What is needed: Return, exactly as written, the line containing "我成了后悔文男主在线观看" and every line after it to the end of the records below, with no pictures.

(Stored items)
========================================================================
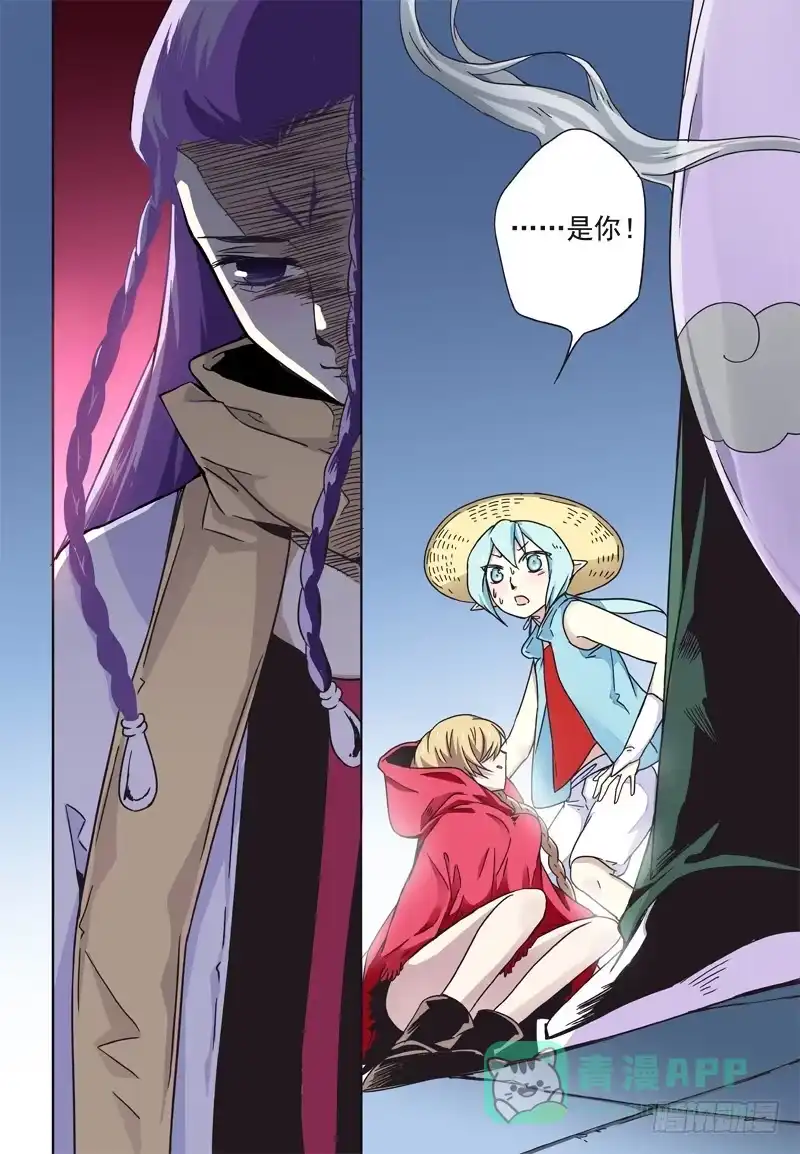 《赤猫传》act0050重返樱花林 第1页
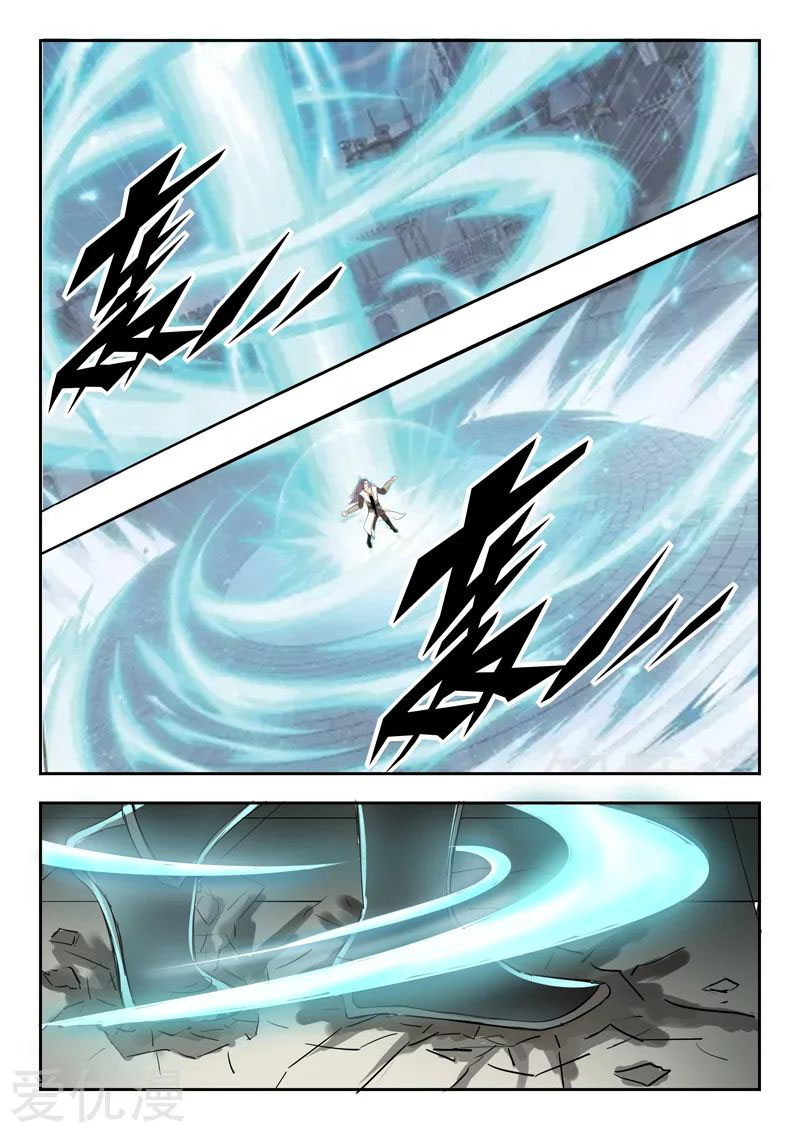 Martial Master  ปรมาจารย์การต่อสู้ ตอนที่ 261 หน้า 5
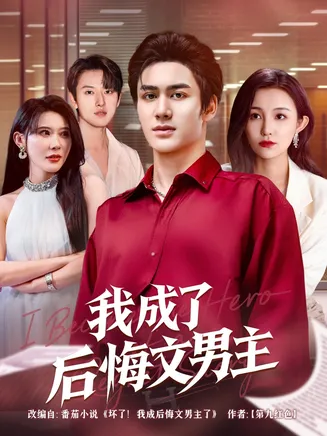 我成了后悔文男主在线观看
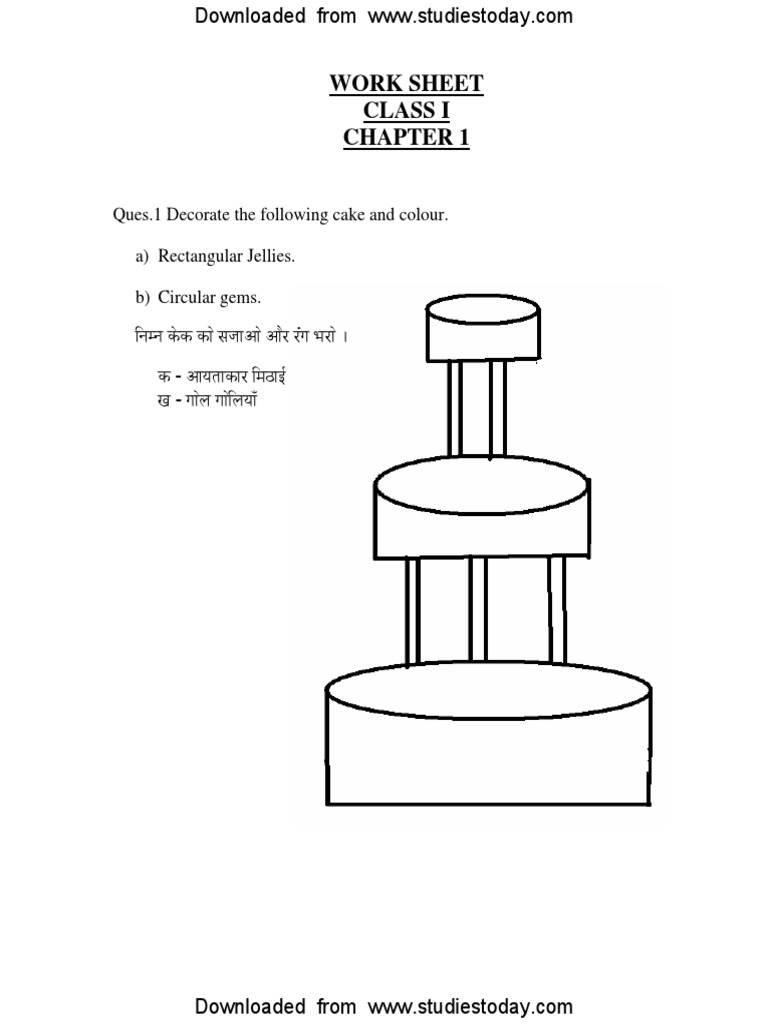 Class 1 Maths Chapter 1 Worksheet | PDF | Euclidean Geometry | Space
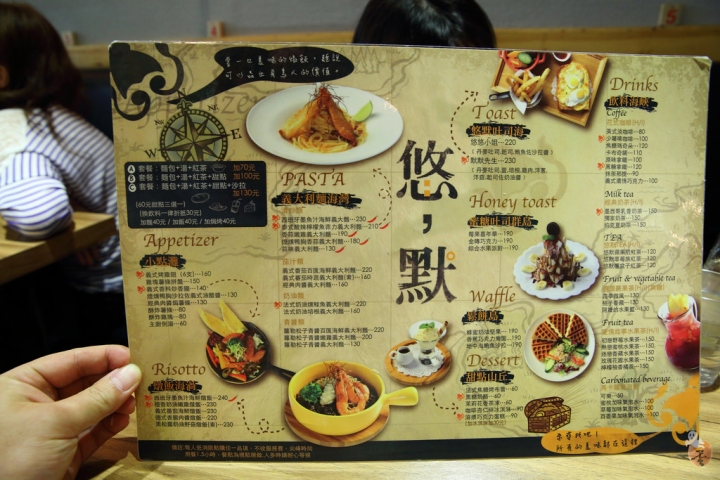 [新北]新莊異國料理--悠默義式餐廳  by蛋拔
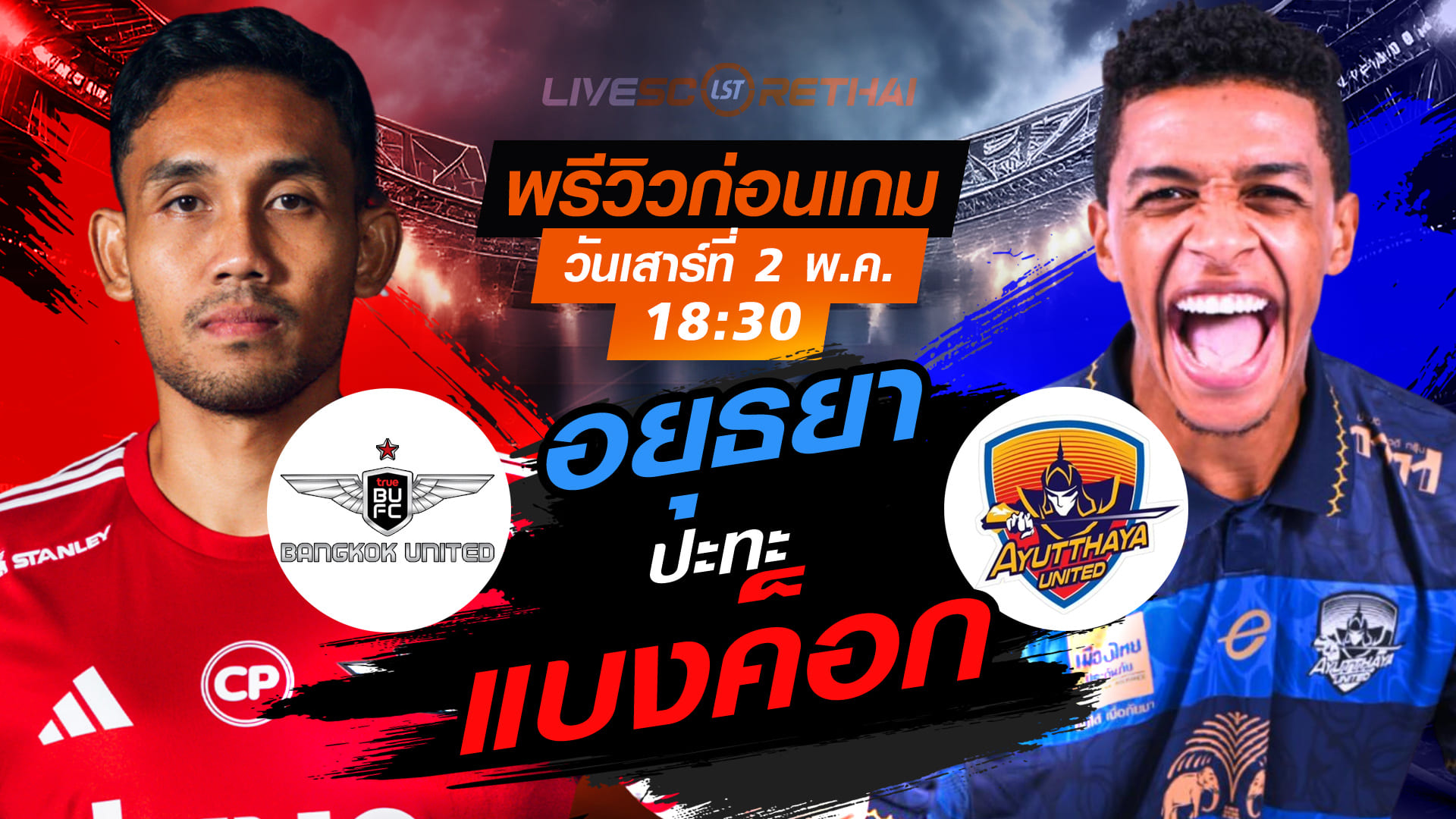 ดูบอลสด ถ่ายทอดสด ฟุตบอล ไทยลีก 2025/26 :  ทรู แบงค็อก ยูไนเต็ด vs อยุธยา ยูไนเต็ด  วันเสาร์ ที่ 2 พฤษภาคม 2569  เวลา : 18.30 น.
========================================================================
Expected answer:
 我成了后悔文男主在线观看
 Class 1 Maths Chapter 1 Worksheet | PDF | Euclidean Geometry | Space
 [新北]新莊異國料理--悠默義式餐廳  by蛋拔
 ดูบอลสด ถ่ายทอดสด ฟุตบอล ไทยลีก 2025/26 :  ทรู แบงค็อก ยูไนเต็ด vs อยุธยา ยูไนเต็ด  วันเสาร์ ที่ 2 พฤษภาคม 2569  เวลา : 18.30 น.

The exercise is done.